Determines the usage for a buffer object.

INDEX = 3

The buffer is used as index buffer input in a rasterization pipeline.

NONE = 0

The usage is unknown.

RAYTRACING_ADS = 6

The buffer is used to store a BVH.

RAYTRACING_RESOURCE = 7

The buffer is used as vertices or indices for building a BVH

SHADER_TABLE = 8

The buffer is used to store shader handles.

STAGING = 1

The buffer is used for staging.

STORAGE = 5

The buffer is used as a storage buffer.

UNIFORM = 4

The buffer is used as uniform object.

VERTEX = 2

The buffer is used as vertex buffer input in a rasterization pipeline.

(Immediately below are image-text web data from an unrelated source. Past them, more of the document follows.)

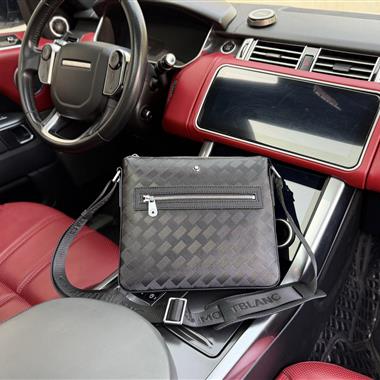 MONTBLANC   2025新款男生時尚包包 尺寸：26.5x2.3x3.5CM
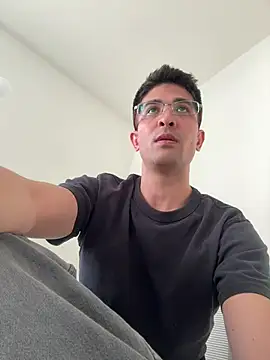 SebastianReiss online show from April 2026 01:19:01 AM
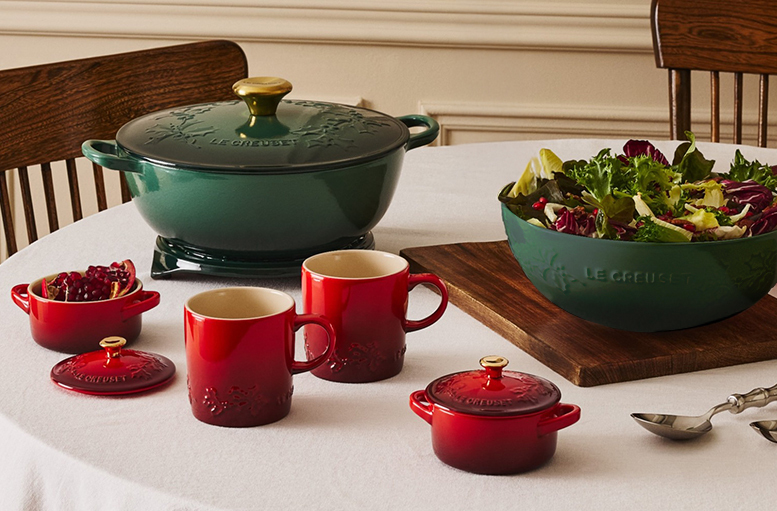 Le Creuset Holly Collection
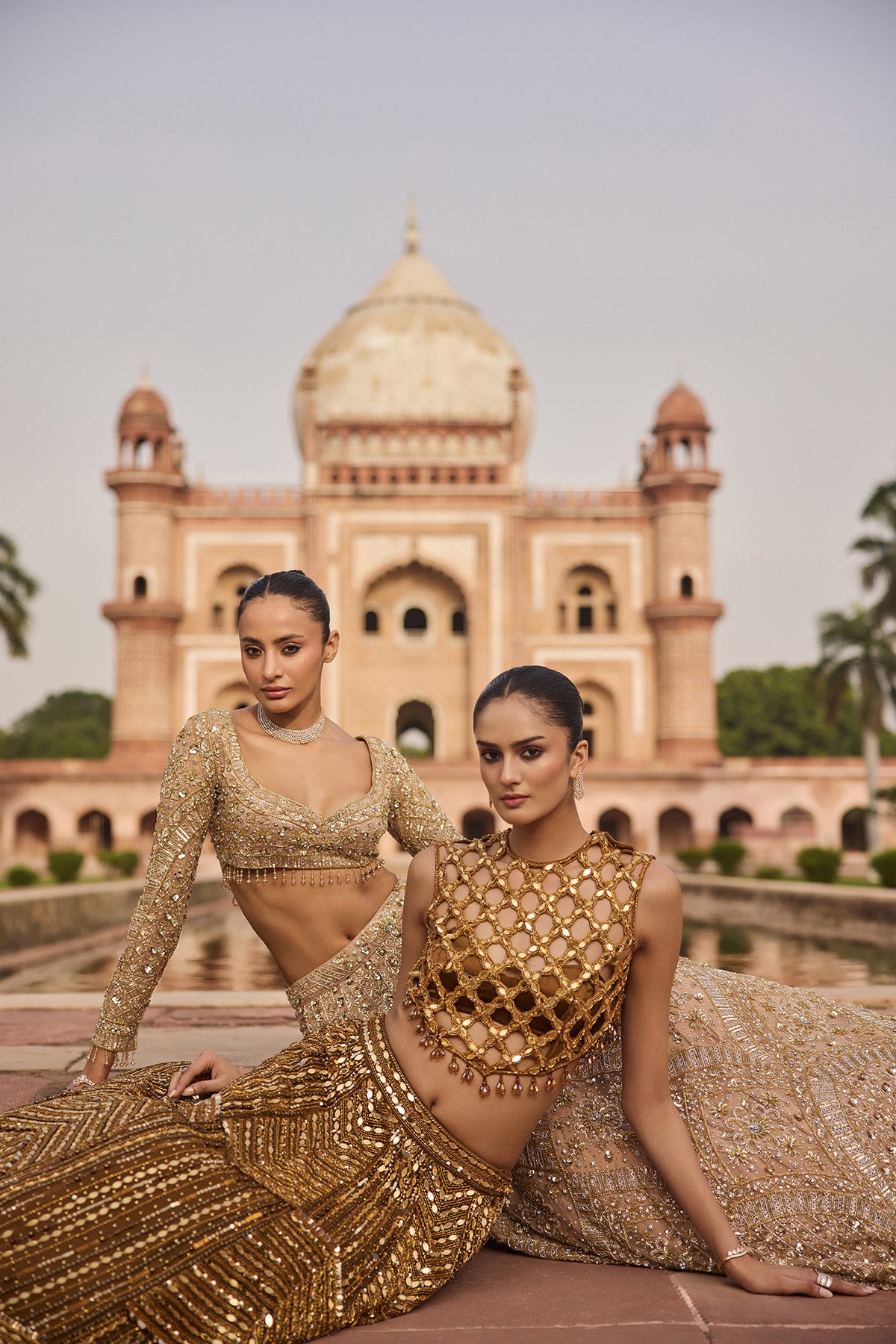 ANTIQUE GOLD EMBELLISHED LEHENGA SET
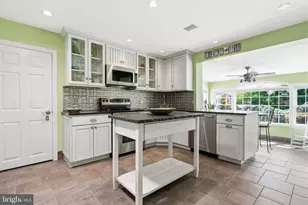 750 Sweetbriar Dr, Warminster, PA 18974 - Photo 7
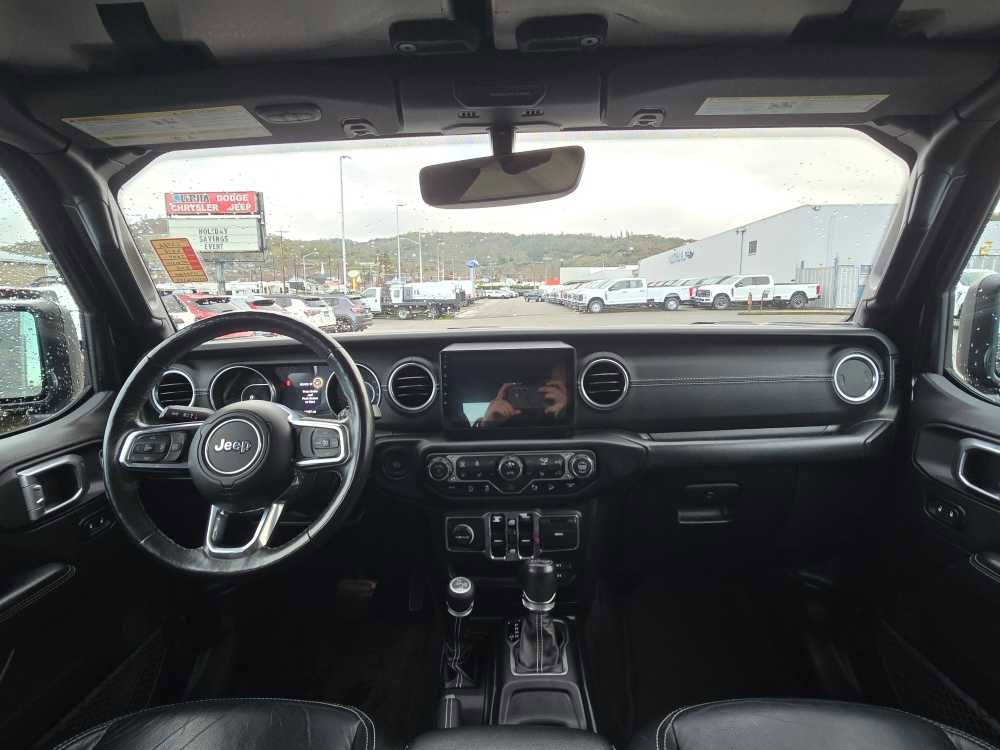 Used 2018 Jeep Wrangler Unlimited Sahara image 15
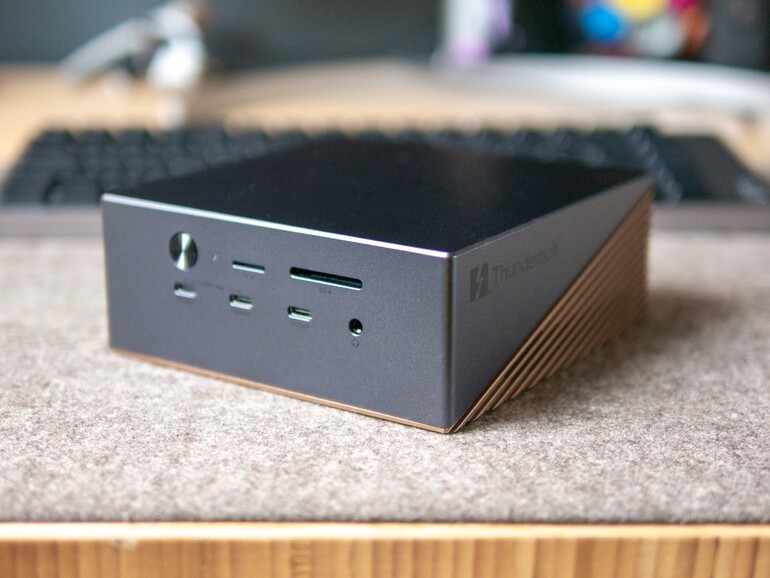 Vorn gut zu erreichen: Kartenslots, Kopfhörer-Anschluss und USB-C-Ports.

class vulky.CommandManager(device, w_cmdList: CommandBufferWrapper)

Bases: object

freeze()
classmethod get_queue_required() int
image_barrier(image: Image, image_usage: ImageUsage)
is_closed()
is_frozen()
use(image: Image, image_usage: ImageUsage)
class vulky.CompareOp(value, names=None, *, module=None, qualname=None, type=None, start=1, boundary=None)

Bases: IntEnum

Determines different comparison operations for depth, blending, stencil and other operations.

ALWAYS = 8

Test always succeed.

EQUAL = 3

Elements are equals.

GREATER = 5

First element is greater than second.

GREATER_OR_EQUAL = 7

First element is greater or equals than second.

LESS = 2

First element is less than second.

LESS_OR_EQUAL = 4

First element is less or equals than second.

NEVER = 1

Test always fails.

NONE = 0

The operation is unknown.

NOT_EQUAL = 6

Elements are different.

class vulky.ComputeManager(device, w_cmdList: CommandBufferWrapper)

Bases: CopyManager

bind(ds: DescriptorSet)
clear_buffer(buffer: Buffer, value: int = 0)
clear_color(image: Image, color)
clear_depth_stencil(image: Image, depth: float = 1.0, stencil: int = 0)
dispatch_groups(groups_x: int, groups_y: int = 1, groups_z: int = 1)
dispatch_threads(dim_x: int, dim_y: int, dim_z: int, group_size_x: int, group_size_y: int, group_size_z: int)
dispatch_threads_1D(dim_x: int, group_size_x: int = 1024)
dispatch_threads_2D(dim_x: int, dim_y: int, group_size_x: int = 32, group_size_y: int = 32)
classmethod get_queue_required() int
set_pipeline(pipeline: Pipeline)
update_constants(**fields)
update_sets(*sets)
class vulky.CopyManager(device, w_cmdList: CommandBufferWrapper)

Bases: CommandManager

copy(src_resource, dst_resource)
classmethod get_queue_required() int
class vulky.DescriptorSet(w_ds: DescriptorSetWrapper, layout_reference_names: Dict[str, Tuple[int, int]])

Bases: object

update(**bindings: Resource | List[Resource] | Tuple[Resource, SamplerWrapper])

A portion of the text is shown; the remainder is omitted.